> [Problem statement]: In your copy of the data below, reproduce every entry exactly and omit the pictures.

> [Provided information]:
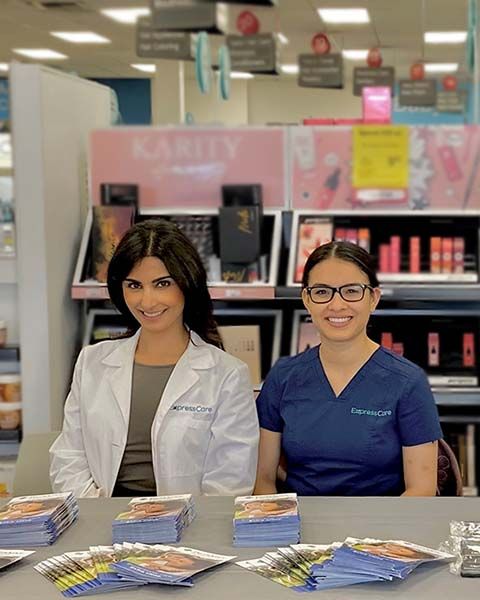 journal-new-medical-director-Marina-Sarwary-shares-card-2.jpg	Medical Director Marina Sarwary, sits at a booth next to Medical Assistant Citlali Lara Marquez, both are Hispanic women.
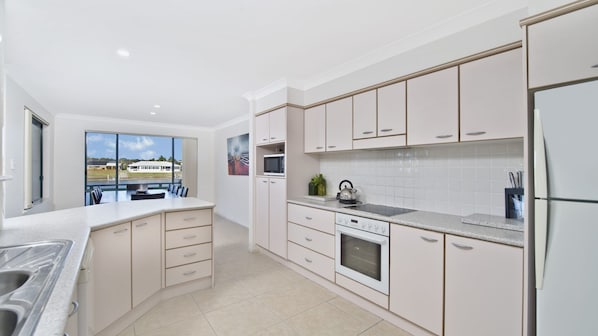 Une cuisine moderne avec des meubles blancs, un grand îlot central et une vue sur une maison par la fenêtre.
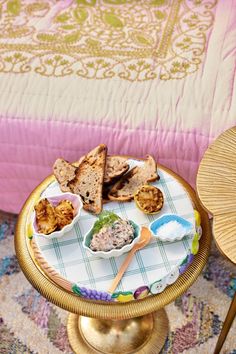 a tray with bread and dips on it sitting on a table next to a bed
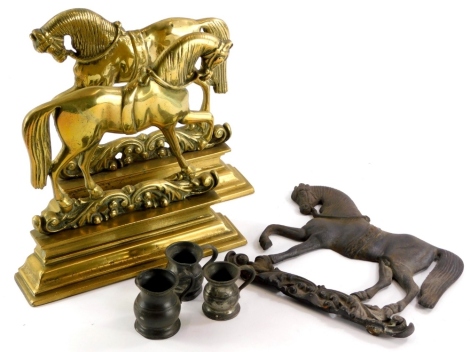 Miscellaneous metalware, to include a pair of brass door stops or fire place ornaments, each cast in the form of a horse on a rectangular base, 27cm long, a similar cast iron example stamped number 4, and three pewter measures.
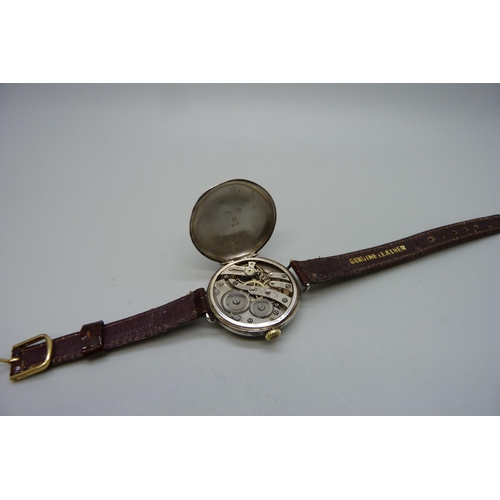 7265 - A silver cased trench wristwatch, import mark London 1916, 32mm case with new strap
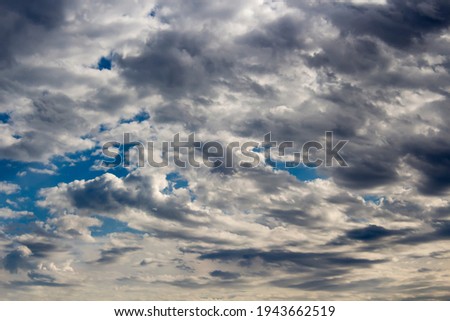 Fluffy white cumulus clouds with some darker cumulostratus and cirrus formations on a late spring afternoon are contrasted against the Australian sky creating a fascinating cloud scape.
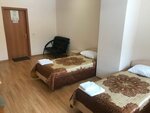 Кровать в общем номере с двумя кроватями в Парнас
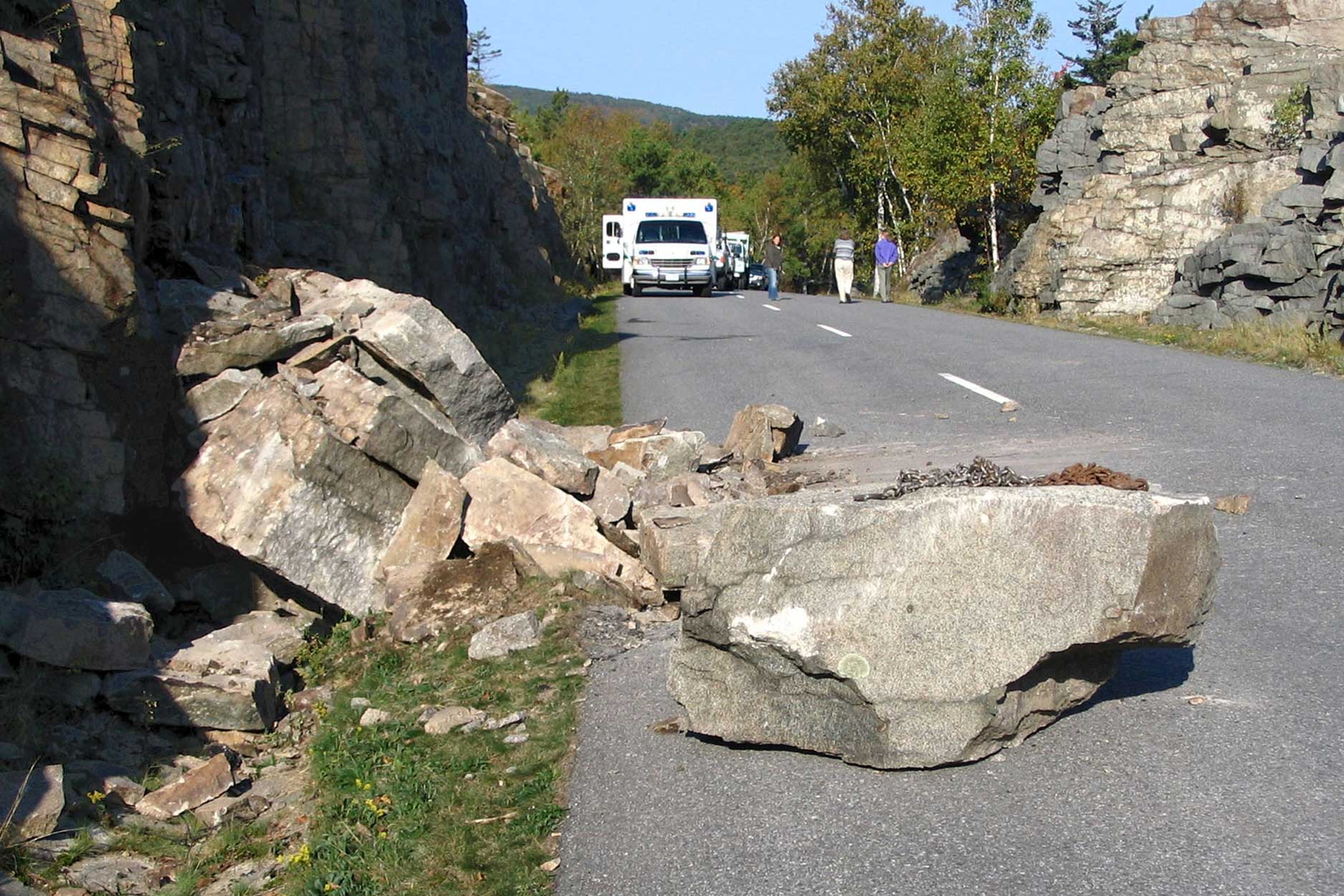 Photograph of a rockfall at Acadia National Park in Maine. The photo shows rocks that have fallen into one lane of a two-lane paved road.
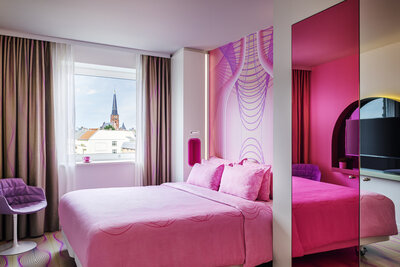 nhow_Berlin_Room_standard_curtains_open_king_size_bed_armchair_mirror_view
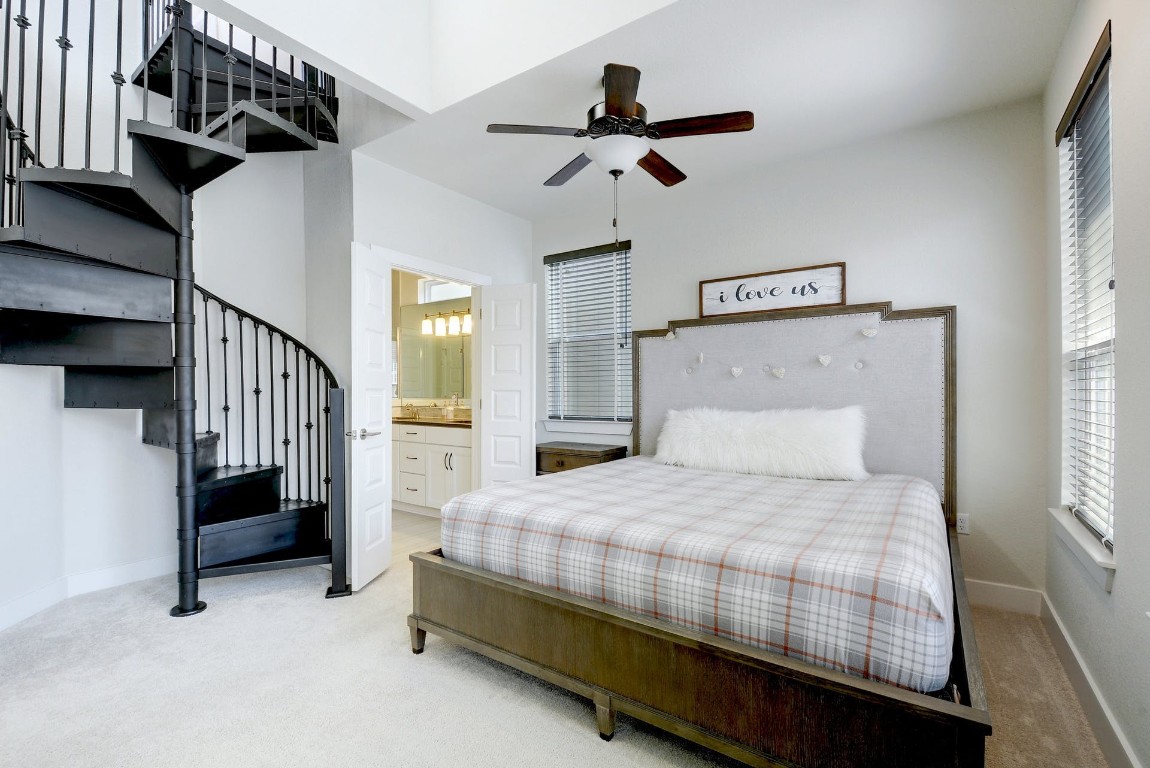 2012 Cleese Drive, Unit 182C Austin, TX 78741 - Photo 14 of 24 a bedroom with a bed and a chandelier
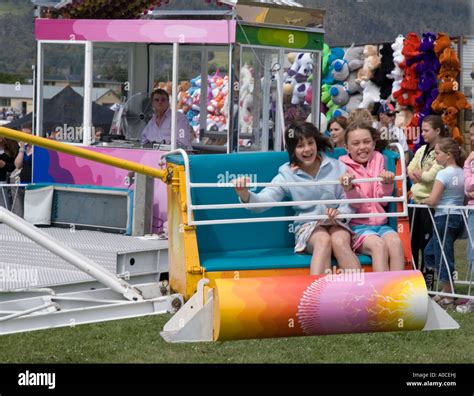 Two young girls on a fun fair ride Stock Photo - Alamy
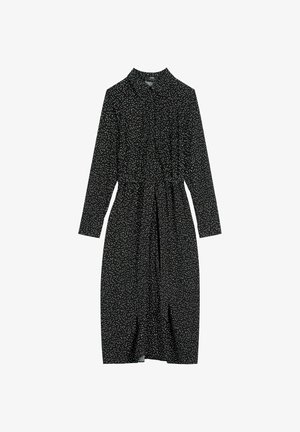 Czarna sukienka midi z długim rękawem w drobne białe groszki, z kołnierzykiem i dopasowanym paskiem z tego samego materiału w talii.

> [Result]:
 journal-new-medical-director-Marina-Sarwary-shares-card-2.jpg	Medical Director Marina Sarwary, sits at a booth next to Medical Assistant Citlali Lara Marquez, both are Hispanic women.
 Une cuisine moderne avec des meubles blancs, un grand îlot central et une vue sur une maison par la fenêtre.
 a tray with bread and dips on it sitting on a table next to a bed
 Miscellaneous metalware, to include a pair of brass door stops or fire place ornaments, each cast in the form of a horse on a rectangular base, 27cm long, a similar cast iron example stamped number 4, and three pewter measures.
 7265 - A silver cased trench wristwatch, import mark London 1916, 32mm case with new strap
 Fluffy white cumulus clouds with some darker cumulostratus and cirrus formations on a late spring afternoon are contrasted against the Australian sky creating a fascinating cloud scape.
 Кровать в общем номере с двумя кроватями в Парнас
 Photograph of a rockfall at Acadia National Park in Maine. The photo shows rocks that have fallen into one lane of a two-lane paved road.
 nhow_Berlin_Room_standard_curtains_open_king_size_bed_armchair_mirror_view
 2012 Cleese Drive, Unit 182C Austin, TX 78741 - Photo 14 of 24 a bedroom with a bed and a chandelier
 Two young girls on a fun fair ride Stock Photo - Alamy
 Czarna sukienka midi z długim rękawem w drobne białe groszki, z kołnierzykiem i dopasowanym paskiem z tego samego materiału w talii.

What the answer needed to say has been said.